Examining a relatively similar historical record of exporting scarce resources that are in high domestic demand, are you telling me the Irish potato famine was the best that could have happened?




In economic terms, if they could sell the produce for more money to the UK and use that money to buy food to feed themselves, then they'd come out ahead.

Instead, very similar to what the UK is doing with gas, they sell the gas to the EU and keep the profits in private hands and let the poor people starve/freeze.

The key missing element is a government that cares about your life if you are poor and can't be bought off by fossil fuel interests.


Ah I see - the idea is sound, it's just the implementation that was faulty. Tell me, how do sellers access international markets without several layers of collective bargaining?

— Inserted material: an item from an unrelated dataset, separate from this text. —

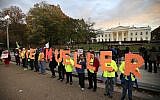 Protesters gather in front of the White House in Washington, Thursday, November 8, 2018, as part of a nationwide "Protect Mueller" campaign demanding that acting US Attorney General Matthew Whitaker recuse himself from overseeing the ongoing special counsel investigation. (AP Photo/Manuel Balce Ceneta)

Because currency markets are generally negative towards government intervention and economic protectionism. You can say that's reasonable or unreasonable, but it's unquestionably true. The UK has suffered over the last six months for example from not increasing interest rates faster. An increase in interest rates would have been unpleasant for homeowners (I know, I am one), but it would have strengthened the value of the pound against the dollar, and that would have helped with energy costs significantly as it would have increased the UK's ability to buy.

I'm not really sure the Irish Potato Famine is relevant, given Ireland barely had it's own currency at the time (British pounds were in widespread use, and the value of the Irish pound was fixed to the British one).